Maximize learning impact:

  1. Balance Criticism - Start with positives - Specific improvements - End with encouragement

  2. Be Specific ❌ "Improve your thesis" ✅ "Your thesis 'Technology affects society' is too broad. Try focusing on one specific technology and its impact, such as 'Social media has fundamentally changed how teenagers form friendships.'"

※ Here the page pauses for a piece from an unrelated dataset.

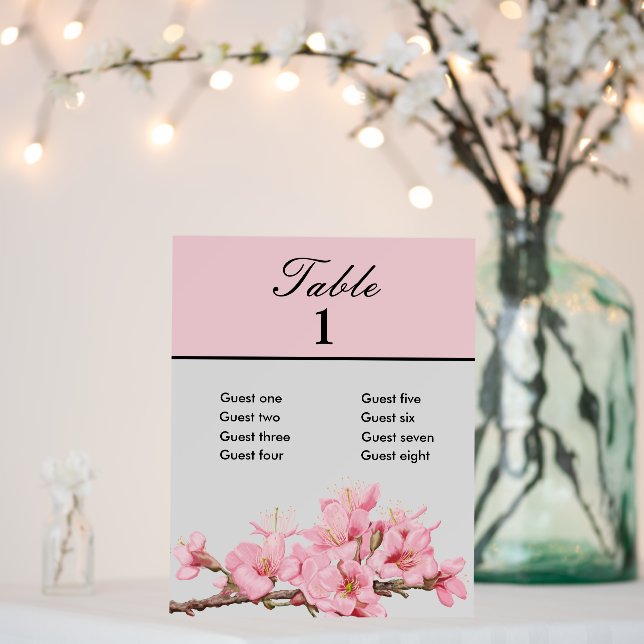 Cherry Blossom seating chart Foam Board (In Situ (Wedding))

  3. Guide Next Steps - Clear action items - Resources to consult - Office hour invitations

Handling Special Cases

Problematic Submissions

When content concerns arise:

  1. Off-Topic Work - Don't approve AI feedback - Add instructor comment - Request resubmission - Note in gradebook

  2. Potential Plagiarism - Flag for investigation - Don't release feedback - Follow institutional policy - Document concerns

  3. Personal Disclosures - Handle sensitively - Consider privacy - Offer support resources - Consult if needed

Technical Issues

Common problems and solutions:

Garbled AI Feedback - Regenerate with different model - Check submission format - Manual feedback if needed

Missing Rubric Scores - Manually add scores - Check rubric configuration - Report to admin

Processing Errors - Resubmit for processing - Try different file format - Contact support

Analytics and Insights

Review Statistics

Track your review patterns:

Your Review Analytics:
━━━━━━━━━━━━━━━━━━━━━━━━━━━━━━━━━━━━

This Week:
Reviews Completed: 47
Average Review Time: 3.5 minutes
Edits Made: 23%
Regenerations: 5%

This Semester:
Total Reviews: 342
Quick Approvals: 65%
Major Edits: 15%
Regenerations: 8%
Flags: 12%

Efficiency Score: 87/100

Pattern Recognition

AI identifies trends:

Detected Patterns:
  Common Issues:
    - Thesis statements (45% of edits)
    - Citation format (30% of edits)
    - Conclusion weakness (25% of edits)

  Student Patterns:
    - 5 students consistently low scores
    - 3 students showing improvement
    - 2 students possible support needs

  Feedback Patterns:
    - GPT-4 better for creative writing
    - Claude-3 better for research papers
    - Morning reviews 20% faster

Integration with Grading

Export Options

Move feedback to gradebook:

Export Formats:
  CSV:
    - Student name
    - Assignment
    - Score
    - Feedback summary
    - Review notes

  LMS Integration:
    - Direct grade sync
    - Feedback upload
    - Rubric mapping

  PDF Reports:
    - Individual student
    - Class summary
    - Progress tracking

Grade Calculation

How scores become grades:

Score Mapping:
93-100% → A
90-92%  → A-
87-89%  → B+
83-86%  → B
80-82%  → B-
[continues...]

Custom Mappings:
- Curve adjustments
- Weighted categories
- Drop lowest
- Bonus points

Next Steps


Develop a consistent review routine - students appreciate timely, thoughtful feedback more than perfect feedback delivered late.
Remember that you're training AI to better understand your standards. Your edits and regeneration requests help improve future feedback quality.